**Stored data**
____________
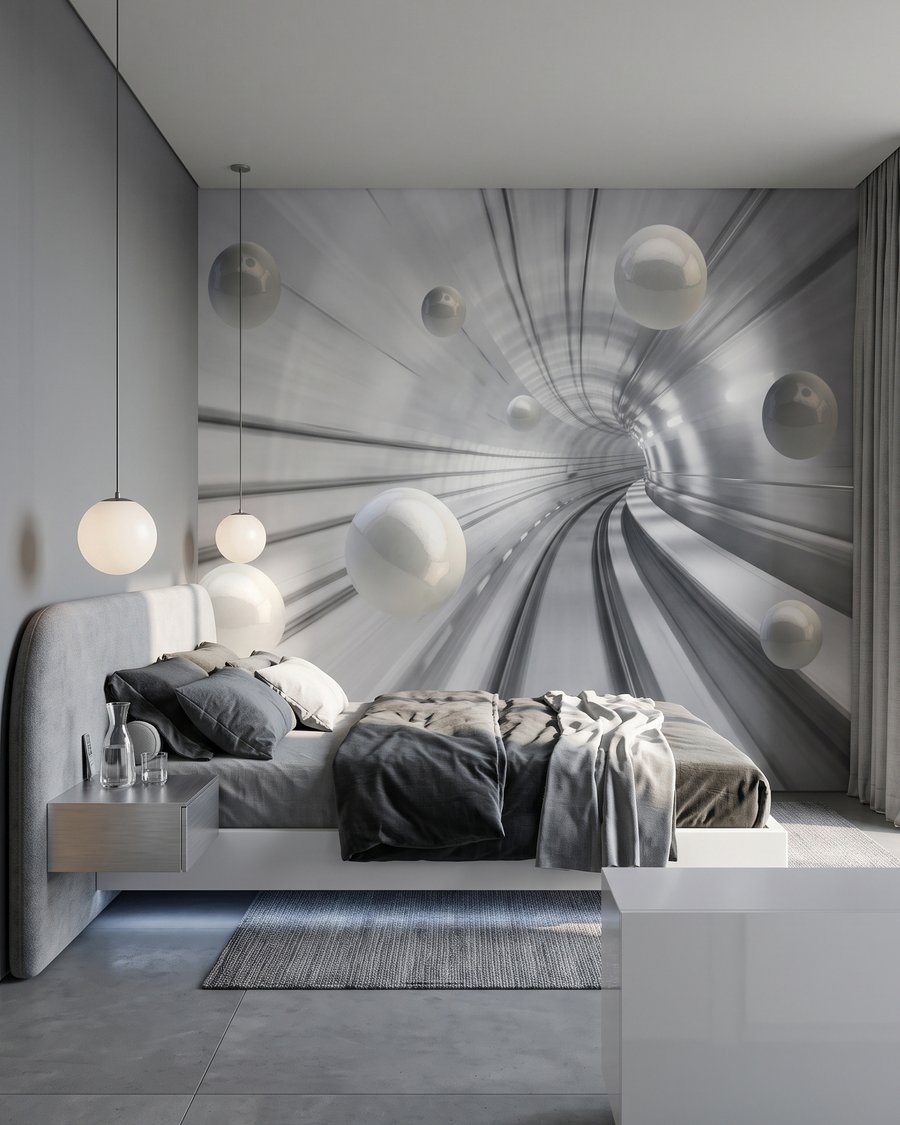 Sfere nel tunnel in un ambiente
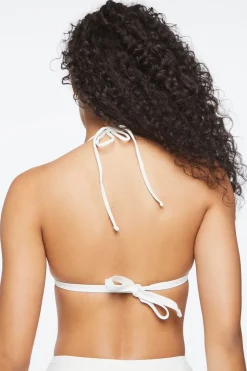 Eyelet Triangle Halter Bikini Top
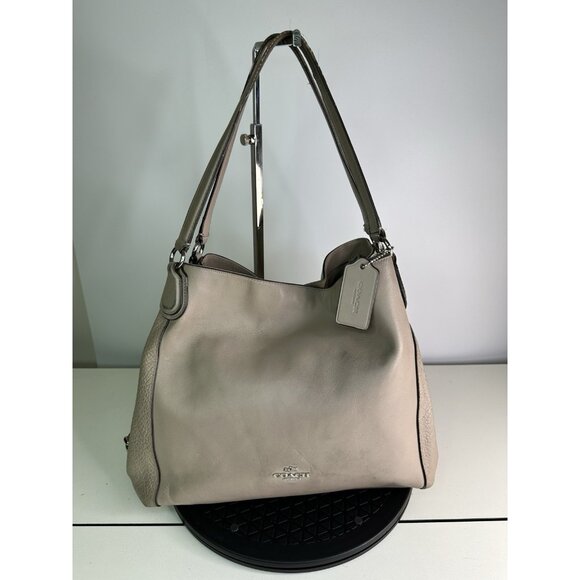 Coach Edie Shoulder Bag Gray/Taupe w/ Wallet (Coach F12034) - Picture 1 of 14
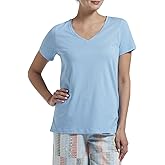 HUE Womens Sleepwell Basic Short Sleeve V-Neck T-Shirt for Lounging Or Sleeping, Made with Temperature Regulating Technology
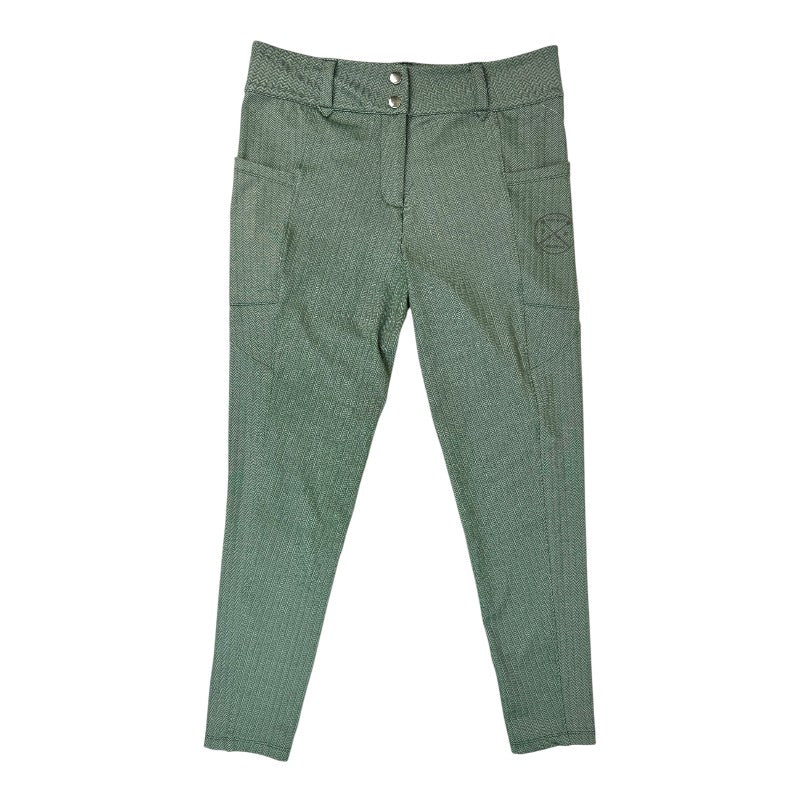 Free Ride Equestrian 'Lux Hybrid' Knee Patch Breeches in Green Tweed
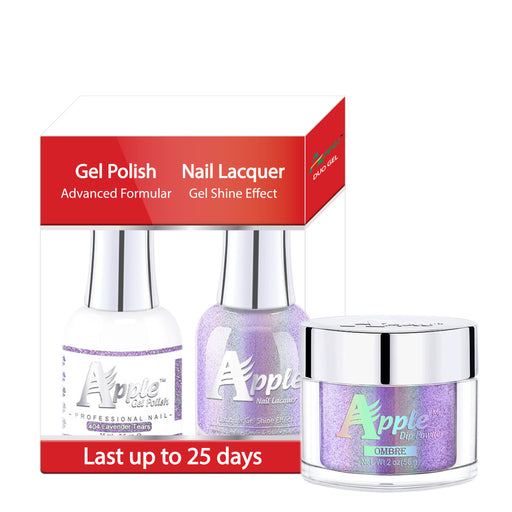 Apple 3in1 Dipping Powder + Gel Polish + Nail Lacquer, 5G Collection, 404, Lavender Tears KK0920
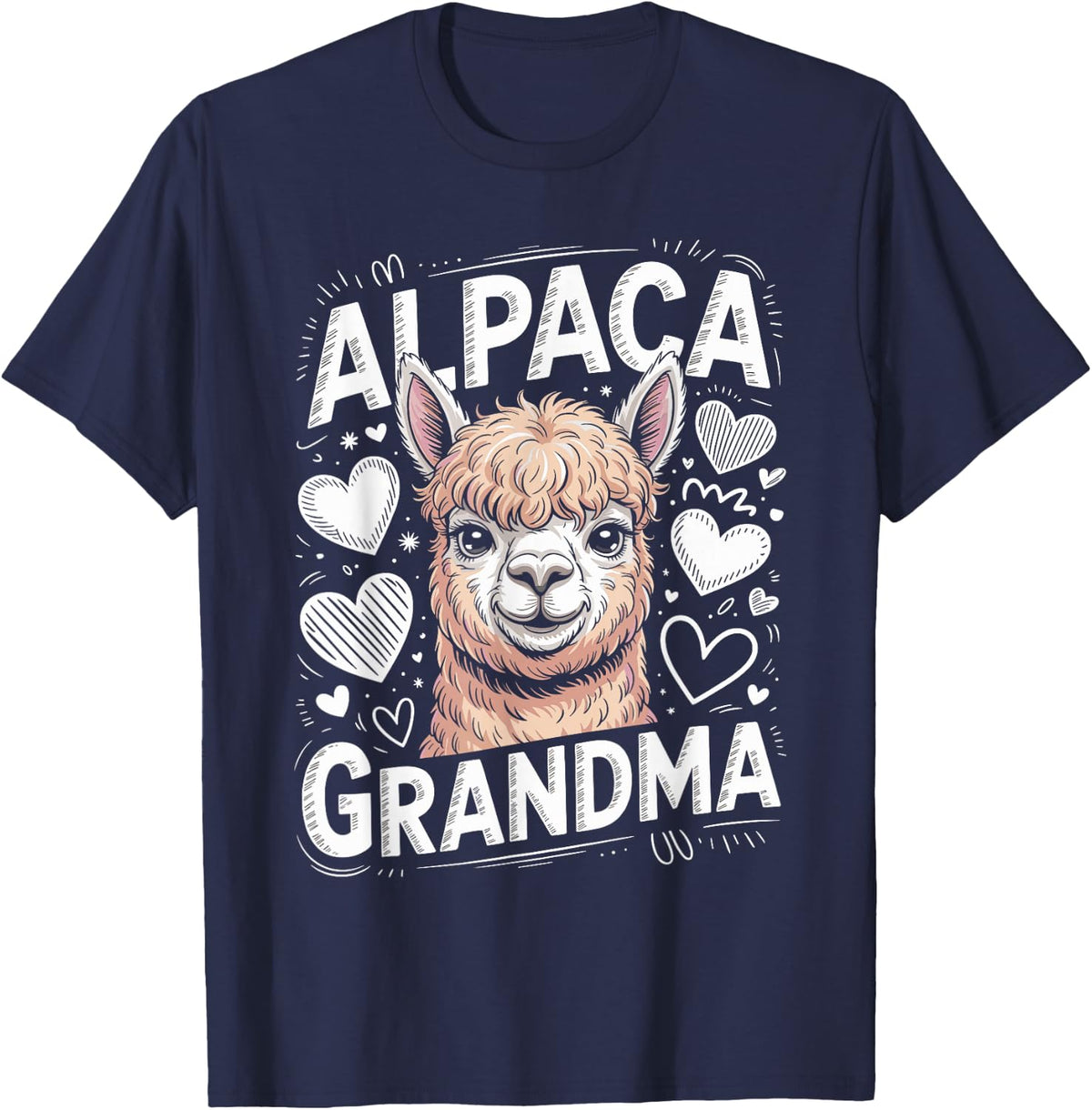Alpaca Grandma Grandmother T-Shirt - Navy Blue
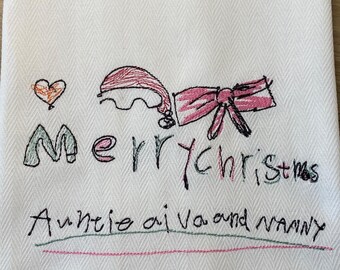 Personalized custom kids artwork drawing, embroidered on a Tea towel, Memory Keepsake.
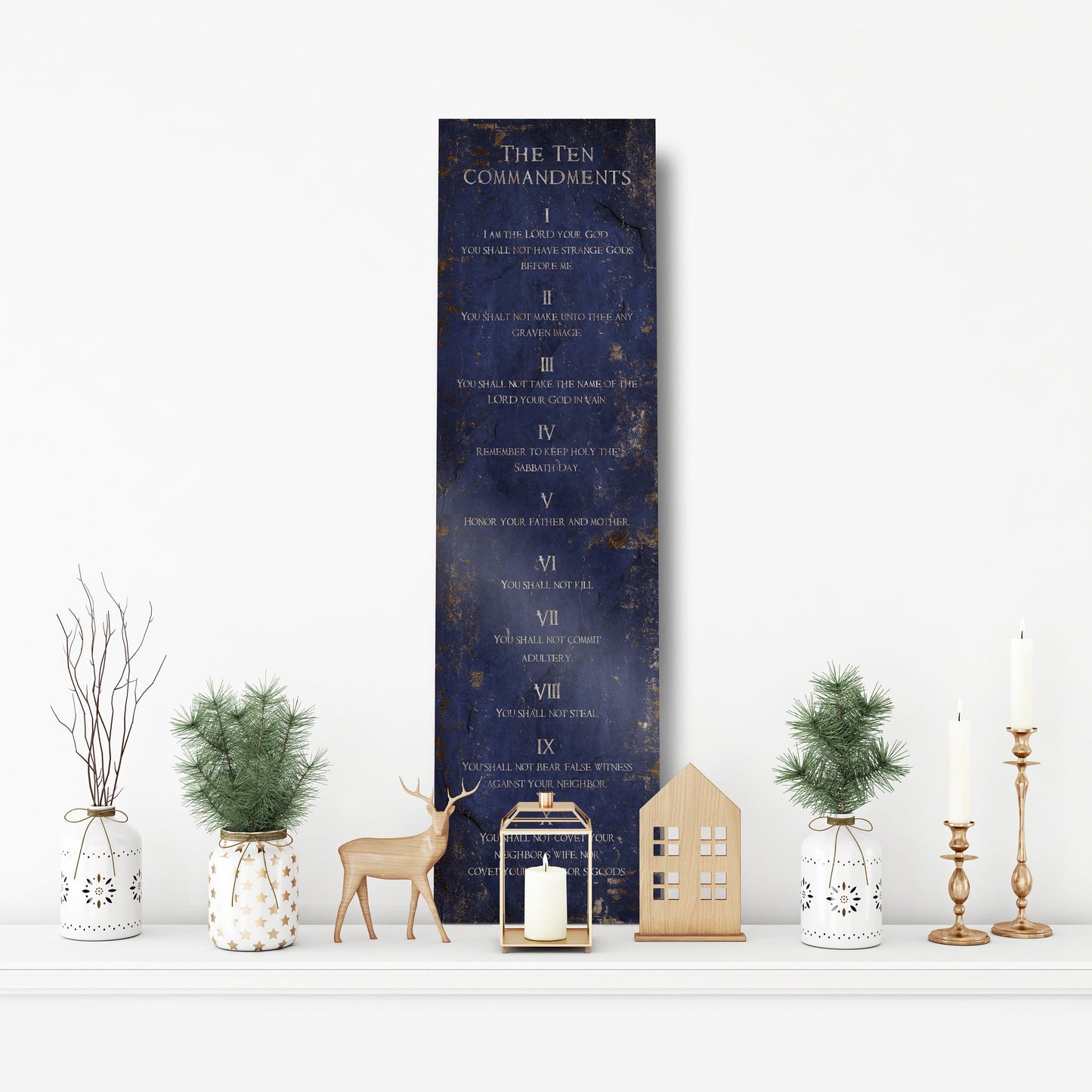 Ten Commandments Saphire Stone Inspired Wall Art - HoneycombProverbs - Signs - Christian Wall Art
____________
**ACTIVITY**
All the records above need to be given again word for word. Skip the pictures.

**TASK RESPONSE**
 Sfere nel tunnel in un ambiente
 Eyelet Triangle Halter Bikini Top
 Coach Edie Shoulder Bag Gray/Taupe w/ Wallet (Coach F12034) - Picture 1 of 14
 HUE Womens Sleepwell Basic Short Sleeve V-Neck T-Shirt for Lounging Or Sleeping, Made with Temperature Regulating Technology
 Free Ride Equestrian 'Lux Hybrid' Knee Patch Breeches in Green Tweed
 Apple 3in1 Dipping Powder + Gel Polish + Nail Lacquer, 5G Collection, 404, Lavender Tears KK0920
Alpaca Grandma Grandmother T-Shirt - Navy Blue
 Personalized custom kids artwork drawing, embroidered on a Tea towel, Memory Keepsake.
 Ten Commandments Saphire Stone Inspired Wall Art - HoneycombProverbs - Signs - Christian Wall Art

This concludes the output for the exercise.